Social media borrows argument from porn, but it doesn’t really apply
Time has proven that the platforms will argue against Australia’s law however they can. Snapchat and YouTube have agitated for exemptions, saying their services aren’t primarily “social media.” TikTok casts doubt on the pace of the process, saying it’s tough to comply with such “novel legislation” given the timelines – even though the law was approved almost a year ago, and does not come into effect until December 10.

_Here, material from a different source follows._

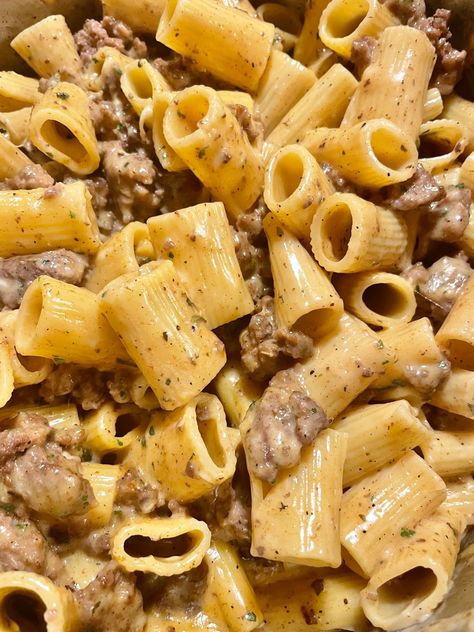 Gourmet Hamburger Helper, Homemade Hamburger Helper Stroganoff Easy Recipes, Cheese Burger Hamburger Helper, Home Made Hamburger Helper Beef, Cheesy Hamburger Pasta, Hamburger Pasta Recipes, Hamburger Helper Homemade, Fast Pasta, Easy Collage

The idea that regulations will just force people into the shadowy netherworlds of the dark web is familiar from arguments the adult content industry deploys to push back against age verification laws for pornography. But it overstates the problem, particularly in the case of social media, which depends on a critical mass of users. Joining the platforms that have amassed the necessary numbers to appeal to the average person is not a simple task – just ask Mastodon, Vine or Yik Yak.
Besides which, the would-be realm of seedy, unregulated social media doesn’t really exist, at least not in the same way that child sexual abuse material or violent pornography exist. The whole point of legislating age checks for social media is that society has realized these specific, widely used social platforms, which have dominated our lives for 20 years, are in themselves causing harm.
There’s no Evilgram where kids will go to post selfies and find their social lives destroyed; that’s just Instagram. There’s no secret social network for aspiring mad geniuses with Nazi leanings; that’s X. Even concerns about grooming on dark web sites are mooted by how much of it happens not on iffy message boards, but on Roblox – one of the world’s biggest digital platforms.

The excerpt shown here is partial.